Candidature de gauche à la mairie d’Oakland

Il y a du nouveau aussi à San Francisco où, au début du mois de janvier, Dan Siegel, un avocat et militant de gauche connu depuis longtemps, a annoncé qu’il se portait candidat à la mairie d’Oakland. Depuis les années 60, la baie de San Francisco a été l’une des régions les plus radicales du pays, que ce soit pour ses syndicats, pour son mouvement LGBT, ou pour le militantisme de ses communautés ethniques. La maire actuelle d’Oakland, Jean Quan, issue de la gauche maoïste, a été élue sous les couleurs démocrates. Lorsque le mouvement Occupy s’est installé sur une place de la ville, son chef de la police a envoyé ses hommes pour évacuer le site en usant de gaz lacrymogènes, de balles de caoutchouc et de grenades assourdissantes. Or, Quan a félicité le chef de la police pour sa résolution pacifique de la situation, ce qui a amené Siegel, l’un de ses conseillers bénévoles, aussi d’origine maoïste, à rompre avec elle.

Jusqu’ici, Siegel semble se présenter comme indépendant et sa revendication centrale de campagne vise à relever le salaire minimum horaire à 15 $. Il appelle aussi à renforcer la sécurité d’Oakland, non par un déploiement policier accru, mais par l’amélioration des conditions de vie de ses ré­si­dent·e·s. Il a annoncé sa candidature, entouré par des leaders syndicaux et communautaires qui ont déclaré leur soutien. Sa page Twitter le présente comme «un militant issu des années 60 et un avocat de gauche. Un aventurier du plein air. Un homme engagé pour mettre fin au règne du capital».

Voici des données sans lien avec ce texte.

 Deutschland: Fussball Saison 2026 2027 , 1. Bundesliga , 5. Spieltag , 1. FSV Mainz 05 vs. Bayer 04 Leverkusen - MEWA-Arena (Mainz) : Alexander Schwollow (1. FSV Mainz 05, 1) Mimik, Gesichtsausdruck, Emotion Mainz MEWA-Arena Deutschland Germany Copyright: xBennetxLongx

Oakland, une ville à dominante ouvrière et afro-américaine, dans la baie de San Francisco, a été le théâtre des actions les plus massives et les plus significatives du mouvement national Occupy, lorsque des milliers d’activistes ont réussi à bloquer l’un des principaux ports du pays, en novembre-décembre 2011. Les protestations des Afro-­Américain·e·s contre le meurtre d’Oscar Grant, le jour du Nouvel An 2009, par la police de la circulation, et le mouvement Occupy de 2011 ont conduit à la mobilisation de milliers de personnes et à la création d’un puissant noyau militant dans la région de la Baie de San Francisco, qui dispose de longues traditions de gauche.